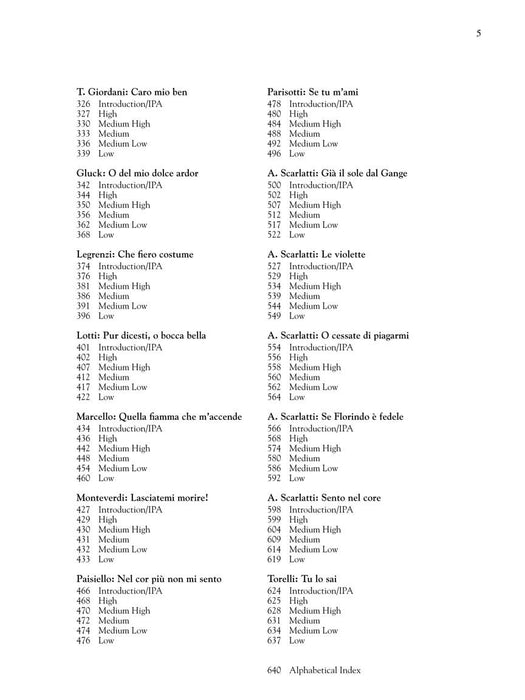 28 Italian Songs and Arias of the 17th and 18th Centuries - Complete All 5 Keys in One Volume 詠唱調 | 小雅音樂 Hsiaoya Music
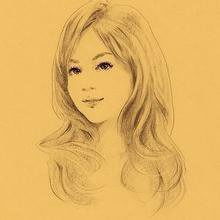素描美女半身铅笔微信头像图片大全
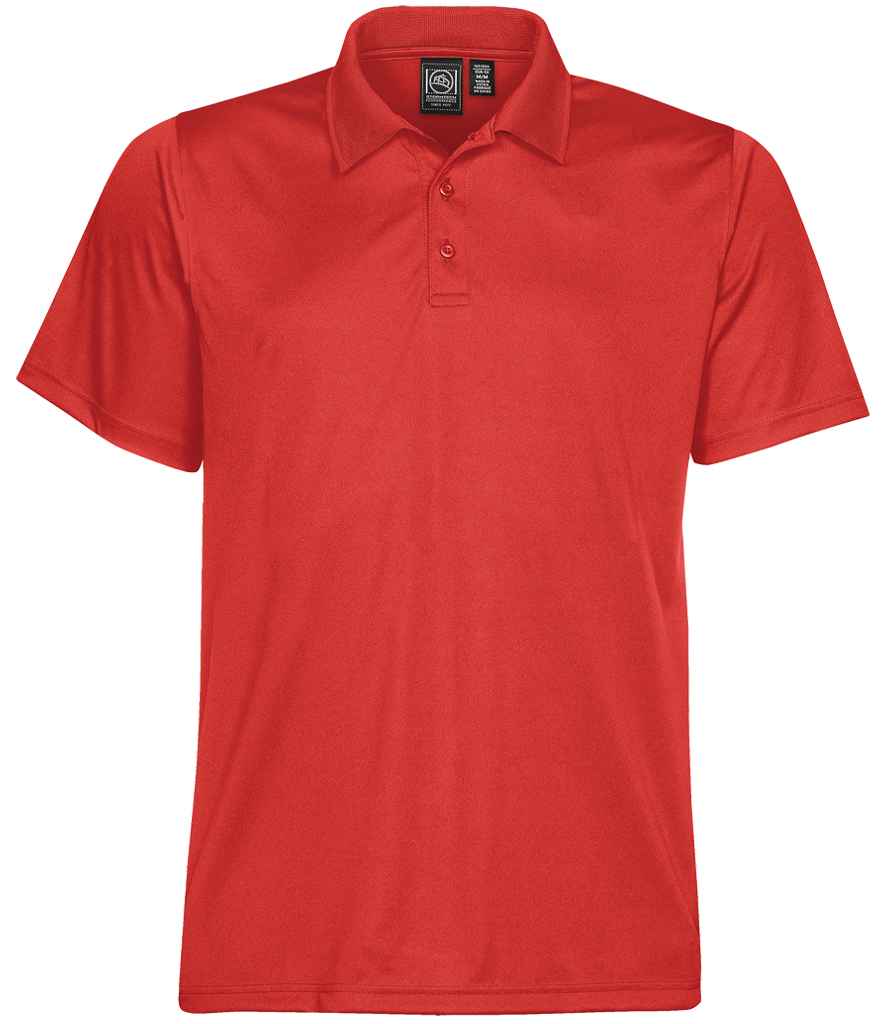 [PG1 BRE S] Stormtech Eclipse H2X-DRY® Piqué Polo Shirt (S, Bright Red)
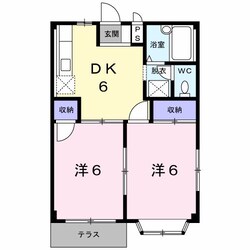 エルディムモモの物件間取画像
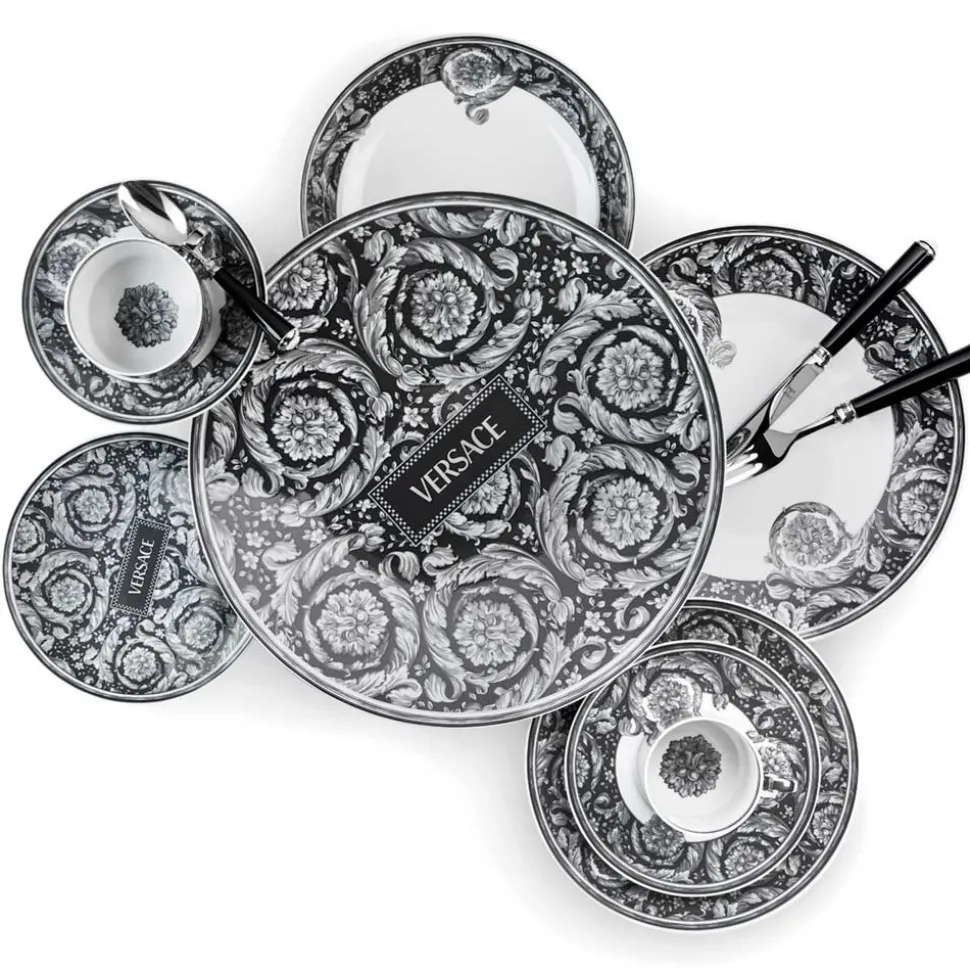Rosenthal Versace Barocco Piatto Segnaposto Diametro 33 cm in Porcellana - Barocco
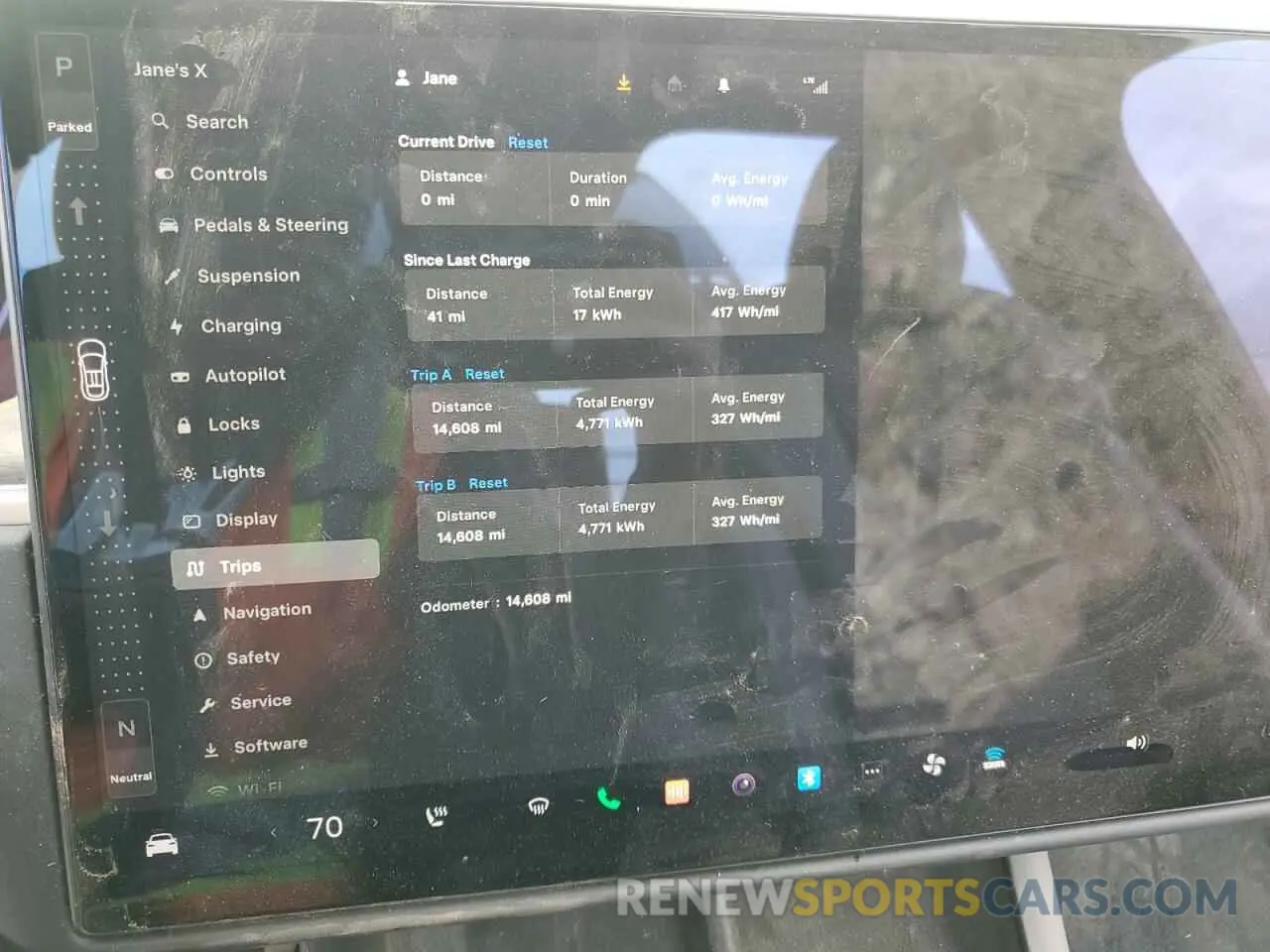 9 fotografías del automóvil dañado 7SAXCDE5XPF405072 TESLA MODEL X 2023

————

§ Description of the task:
Starting at the line that holds "[PG1 BRE S]", copy each line exactly through the end of the material above, keeping both ends and dropping the pictures.

§ Worked solution:
 [PG1 BRE S] Stormtech Eclipse H2X-DRY® Piqué Polo Shirt (S, Bright Red)
 エルディムモモの物件間取画像
Rosenthal Versace Barocco Piatto Segnaposto Diametro 33 cm in Porcellana - Barocco
 9 fotografías del automóvil dañado 7SAXCDE5XPF405072 TESLA MODEL X 2023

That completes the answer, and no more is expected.